Below are the entries. Print only the lines starting at the one with "The BUS-eum being" and ending at the one with "Map of the best", exactly, with no pictures.

» Task data
---
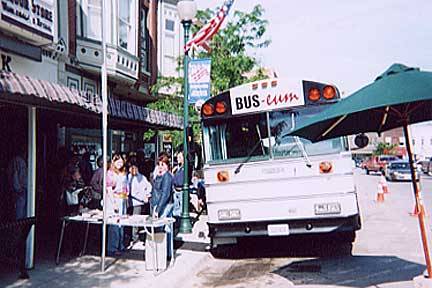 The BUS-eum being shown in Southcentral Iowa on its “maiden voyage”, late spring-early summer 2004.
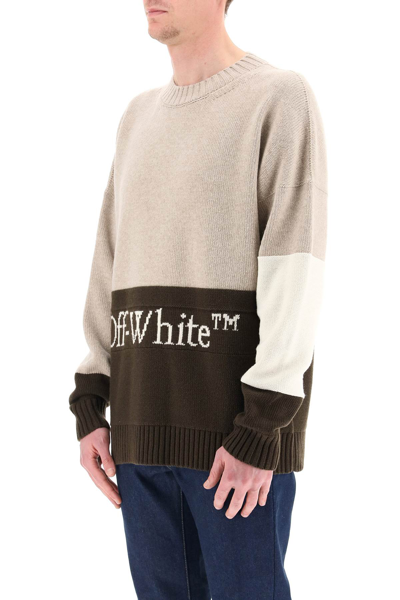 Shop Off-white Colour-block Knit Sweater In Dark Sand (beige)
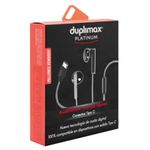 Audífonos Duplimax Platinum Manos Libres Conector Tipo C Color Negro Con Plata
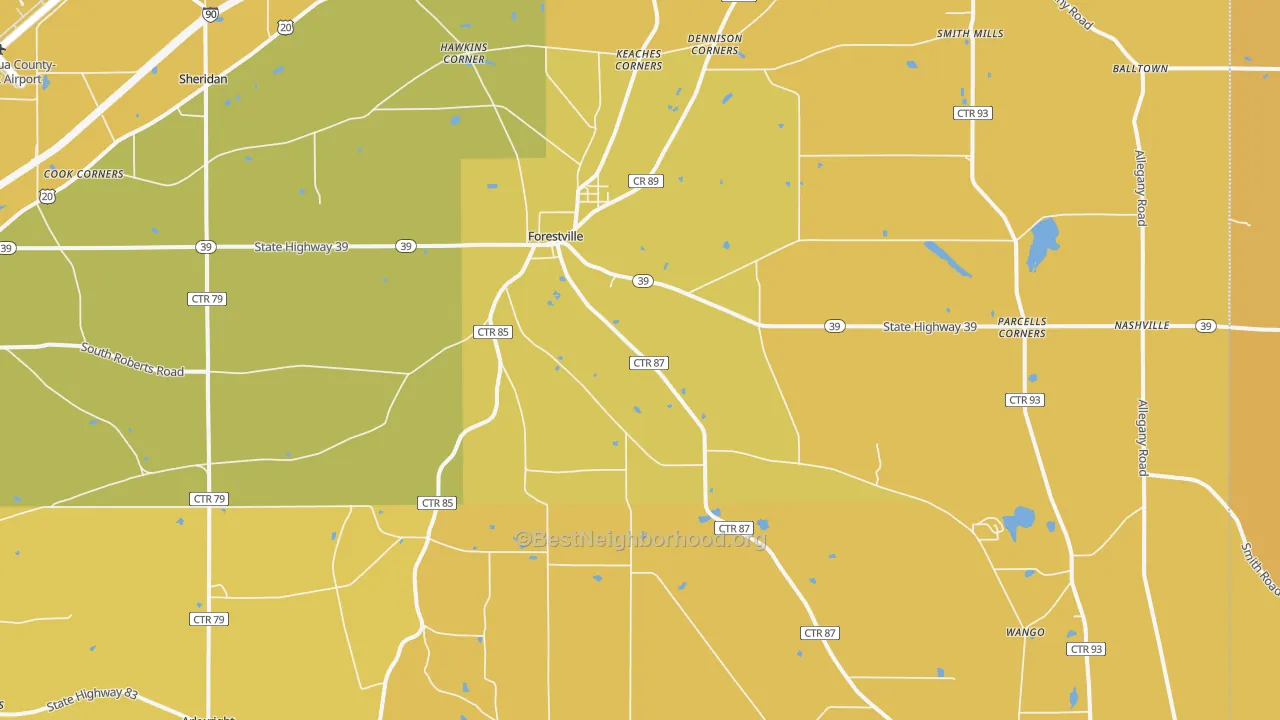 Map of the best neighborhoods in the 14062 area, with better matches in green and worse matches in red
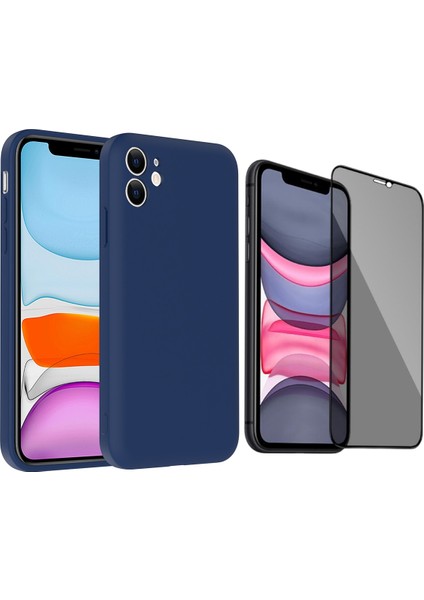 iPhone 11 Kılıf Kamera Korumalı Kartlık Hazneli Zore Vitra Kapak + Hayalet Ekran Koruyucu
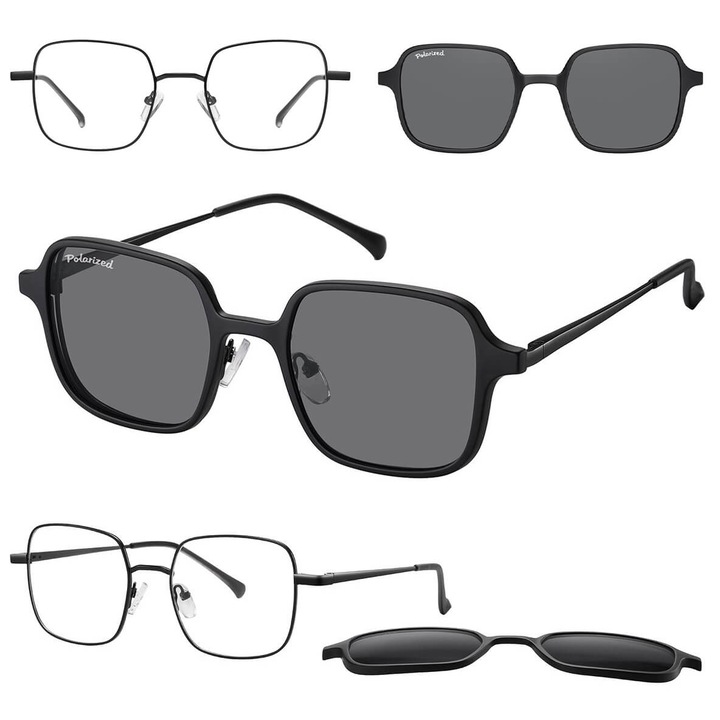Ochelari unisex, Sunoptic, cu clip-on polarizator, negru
---
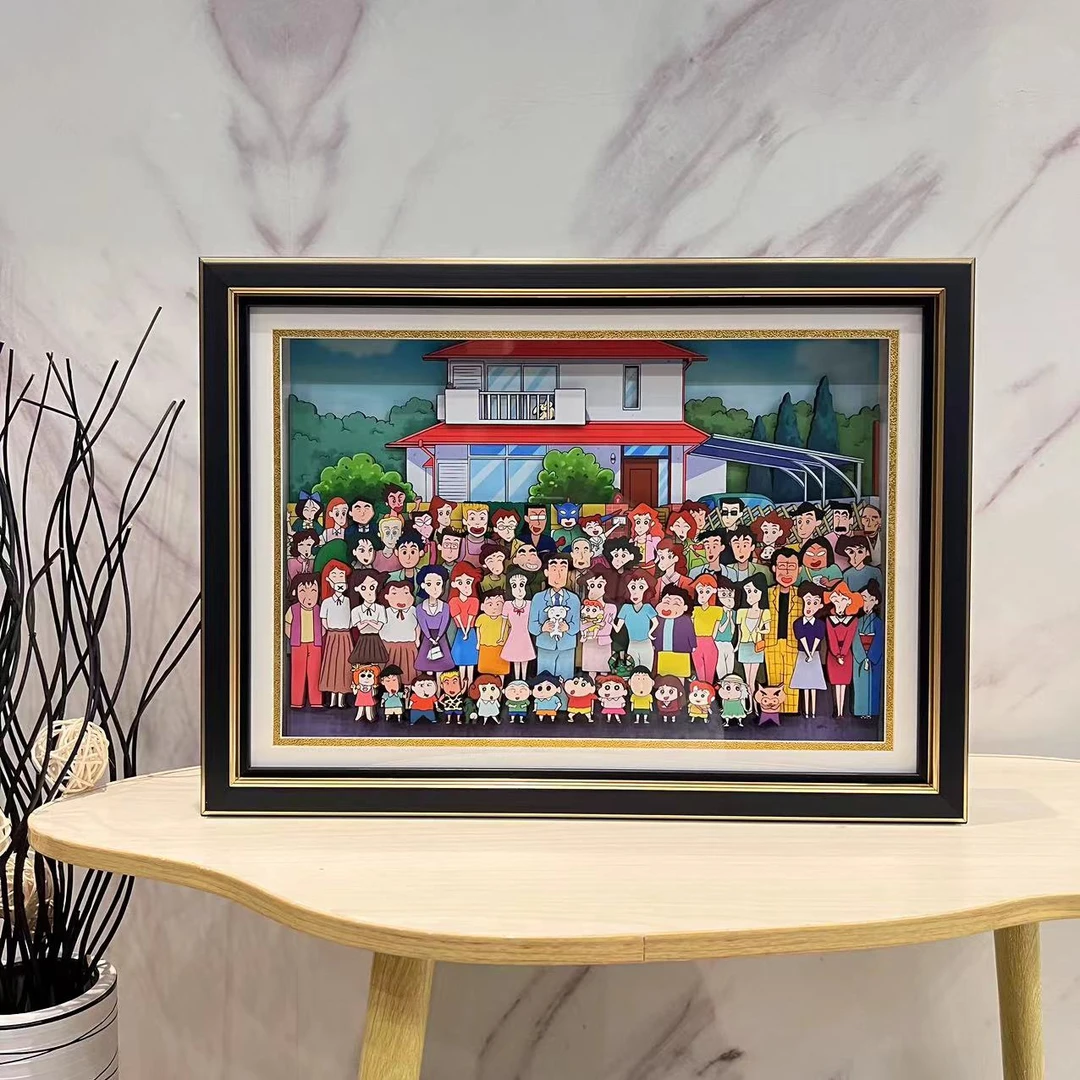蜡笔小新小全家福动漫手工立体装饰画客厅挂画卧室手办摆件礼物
---
» Output for this exercise
 The BUS-eum being shown in Southcentral Iowa on its “maiden voyage”, late spring-early summer 2004.
 Shop Off-white Colour-block Knit Sweater In Dark Sand (beige)
 Audífonos Duplimax Platinum Manos Libres Conector Tipo C Color Negro Con Plata
 Map of the best neighborhoods in the 14062 area, with better matches in green and worse matches in red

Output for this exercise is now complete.